JSONB is an amazing datatype because Postgres understands how to query the structure and the keys and values can be indexed.

So if you have a text fields you want to convert to JSONB (provided the existing data is in properly formed JSON already) You can change the datatype and convert the existing data using this simple SQL command:

alter table tbl_name alter column col_name type jsonb using col_name::JSON;

You may be inclined to covert the text using the to_json function like: ‘USING to_json(col_name);’ – BUT DON’T DO THAT! What happens with that is you get a single string encapsulating the valid JSON, containing your JSON. Effectively a double-encoding bug.  The former (casting the column to JSON is the correct way).

How to Clone or Duplicate a PostgreSQL Database

Sometimes you may find yourself needing to duplicate a postgres database – complete with schema, data; exactly. Sometimes I need to do this because I want to try out some ideas on an existing database but without the hassle of having to backup and restore or write rollbacks for the changes I want to make.

Luckily, it’s super easy to do this.  First ensure that there are not active connections to the source database; and then open the SQL Terminal of your choice and execute:

CREATE DATABASE newdb WITH TEMPLATE originaldb OWNER dbuser;

This will create a new database, by using the source database as a template.

If you get the message: “ERROR: Database being accessed by other users.” don’t worry; it just means that there are still open database connections, and these will need to be closed before it will work.

SerializationException Running Npgsql Commands on .Net Entity Framework

Recently, while working on a project for a client I was writing a .Net application using the Entity Framework backed onto a PostgreSQL database.
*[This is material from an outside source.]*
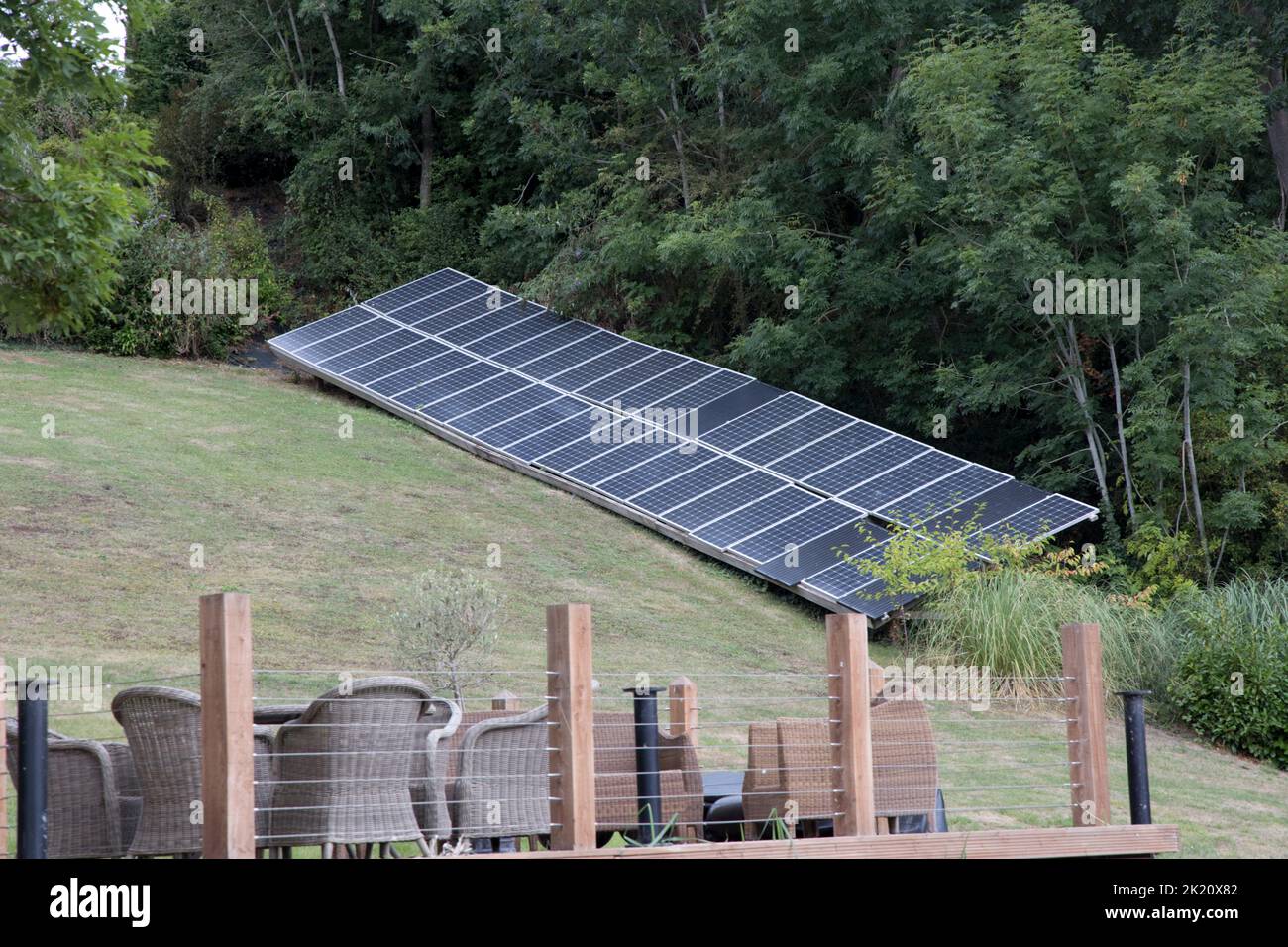 Large array of solar PV panels in private garden in riverside location ...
All of a sudden I got a System.Runtime.Serialization.SerializationException when I was trying to run my app, and the stack trace (weirdly) didn’t help.

It turns out that while I had added the Npgsql dependency to the project, it wasn’t enough. Entity Framework it seems, needs to have access to Npgsql.dll assembly information.  When EntityFramework tries to use the library, it won’t find it (despite being in the project) unless it is in the Global Assembly Cache (GAC).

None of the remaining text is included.